Now it would seem to me, a layman in terms of the comics business, that if you are going to release a previously cancelled series you are going to want it to sell well, unless of course you never intended it to go beyond twelve issues in the first place? Then again, if we were to ask someone in the know whether it was ever intended to be anything more than a twelve issue limited, would we get a straight answer or would we receive the standard form letter that Joey DaQ is so fond of chucking our way? I wonder if Scott Lobdell would be willing to answer the question?

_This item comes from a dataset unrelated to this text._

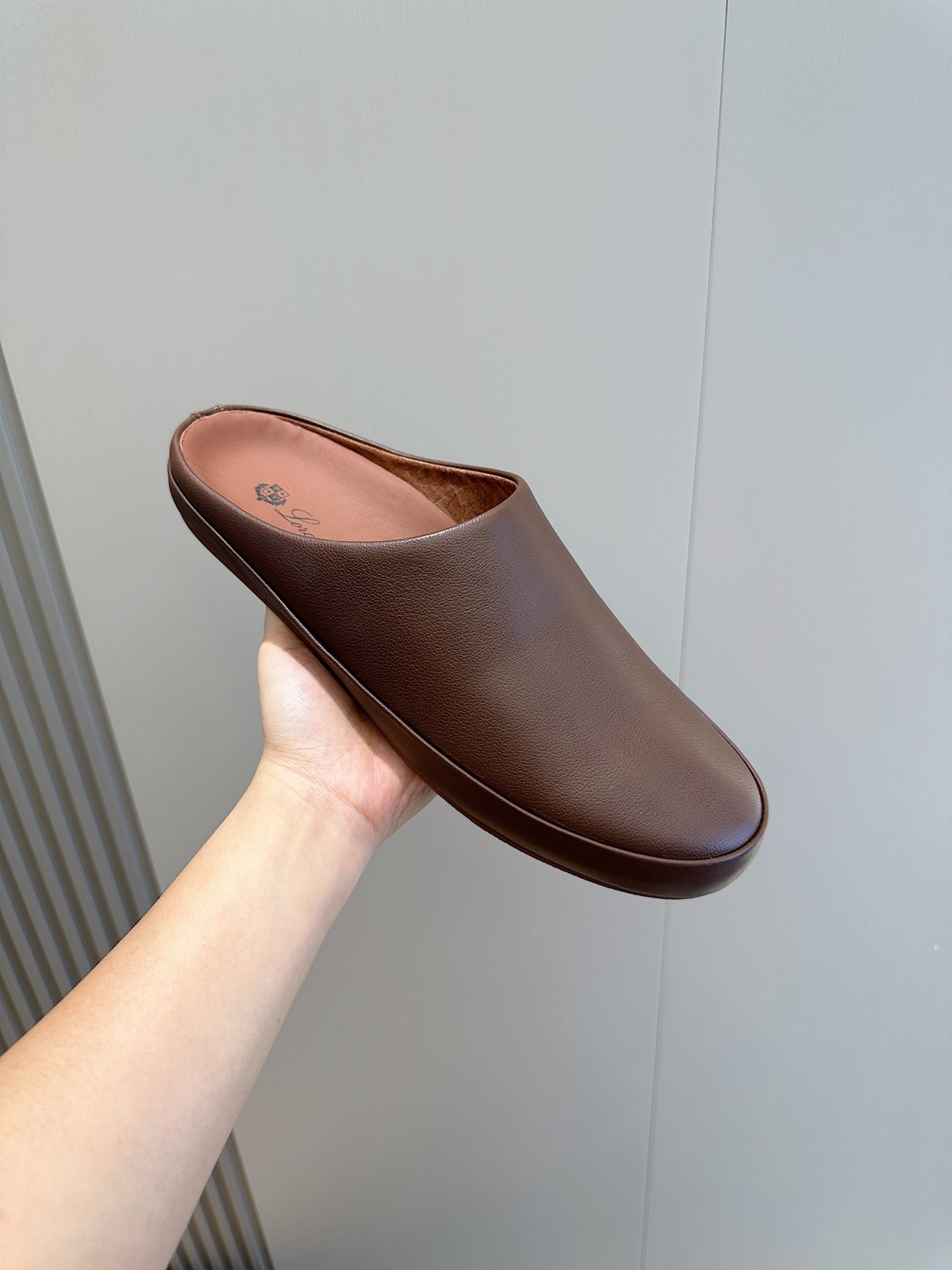 LP TOMORI SABOT MULES CHOCOLATE CALFSKIN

So what will volume three be remembered for? Well not a lot really, the first arc wasn't really much of anything, apart from a tool to casually shuffle of the real Alpha Flight into some strange spatial void. Captured by a ship that was destroyed by Alpha way back in volume one. The second arc had slightly more, but it was a nothing story, status quo was maintained and the characters received a little more depth. It wasn't until the last arc that we saw a tie to the past and a story the reader could get their teeth into to. All to late to save a book, that, if Mister Quesadas letter is too believed, had been scheduled for cancellation for a few months anyway. Now if Alpha vol 3 is to actually mean anything, then Marvel should learn from the mistakes and ensure that any future series of a previously cancelled book should stick to what made it sell in the first place. If only that was the case, New Warrior fans are looking towards volume three of that series with a little trepidation, given the Scooby Doo Mystery Machine scenario that is presently being touted. Do Marvel learn from past failures? Obviously not, do Marvel care about characters that aren't mainstays of the silver age? I'll leave you to figure that one by yourselves. So what about Alpha Flight? Well they will go back into the cupboard, to be dragged out periodically as guests, to be ridiculed by most writers and written as good solid characters by a few.

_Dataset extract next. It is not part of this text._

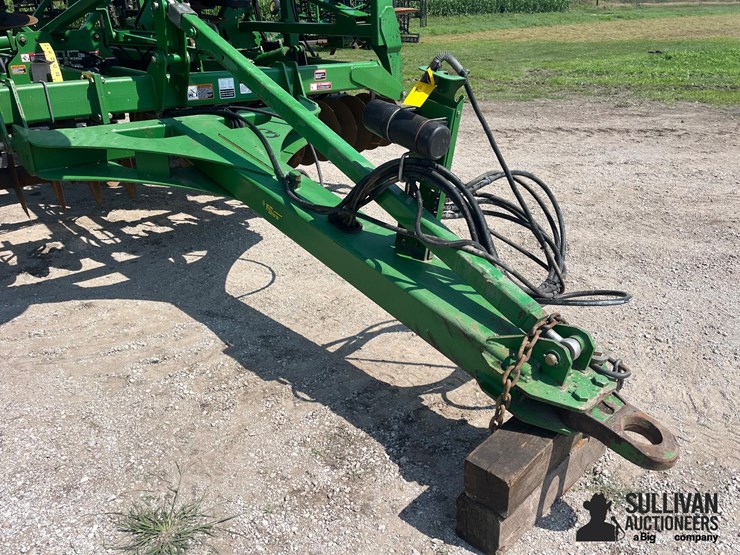 john-deere-2310-image-9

Of course we will see some Alpha characters elsewhere, Wildchildferatu, under the influence Jeffries and deeply dippy Aurora will probably appear in any future Weapon X title, hopefully written by Frank Tieri. Mister Tieri at least shows Alpha respect. Northstar looks like he is staying with the X for the foreseeable future and at least if Chuck Austen treats the rest of Alpha as jokes, he certainly (to my mind) writes Northstar with some dignity.

As for any future volume of Alpha Flight, I'm all for it, but only if it's written as Alpha should be written. Respectfully and as equals in the teeming masses of Marvel characters. Otherwise I'd rather they kept to guest appearances, written as well as Sasquatchs recent role in the Sabretooth mini.

As a closing thought, its been suggested that in regards to Alpha, people like me are closed minded and averse to anything new. That is not the case it's more that the first time I read Alpha I was hooked. I appreciate that things change, but believable change and necessary change over a well thought out arc has got to be better than the sudden changes we saw in volumes two and three. Plus, why should Alpha be subjected to such sweeping changes constantly, when mainstays always return to the status quo, no matter how disassembled they become or how much of an identity crisis they may be having?